For folks not used to growing & cooking greens, maybe a short lesson here. Here is a collard plant. I love collards because they are so easy to grow & one plant produces so many large leaves. You pick the lower, large leaves & small new leaves keep growing from the top. Being large leaves, they are exceptionally easy to clean & process... as opposed to say turnip greens. What I show below will work with amaranth leaves just as well.
Note here the large leaves have been picked. In a week or so, these plants will be ready to pick again.
For reference, here is Lacinato kale. I treat it interchangeably with collards. Grows similarly but the leaves are slimmer & longer. Collards can handle warm weather better than kale.
Processing the collard leaves. After washing the leaves & removing the center stem, I roll a stack of leaves like a cigar and then slice in strips of about 1/2". If you want small pieces, just chop again. I generally just do the single cut. With an average leaf being 8' - 10' wide, with the center stem removed, the cut pieces end up being around 4" long. Since the greens shrink some during cooking, this works fine for me. At this point, they are ready to go in the pot.

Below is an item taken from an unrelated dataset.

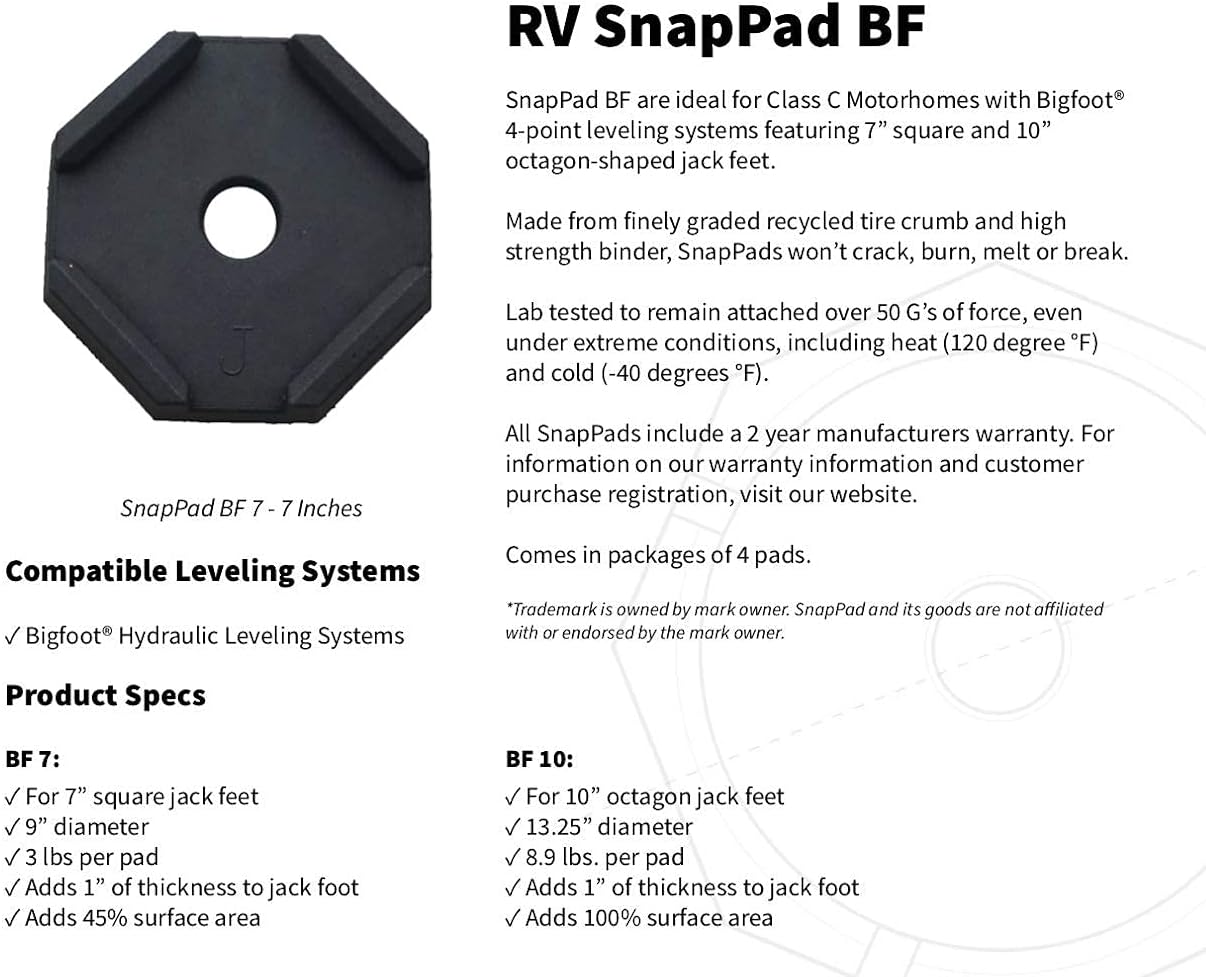 SnapPad BF Permanently Attached RV Leveling Jack Pad for Bigfoot Landing Feet (BF 7 4-Pack)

Here is a pot of collard, white bean & Italian sausage soup. Now when I just cook the greens as a side dish, I start with some chopped onion & peppers, sauteed in a bit of oil. I then add chicken stock, smoked ham hocks and/or bacon and the leaves. Not unusual to added some red pepper flakes, a bit of sugar and some vinegar. Once it comes to a boil, reduce the heat & simmer for at least 2 hours.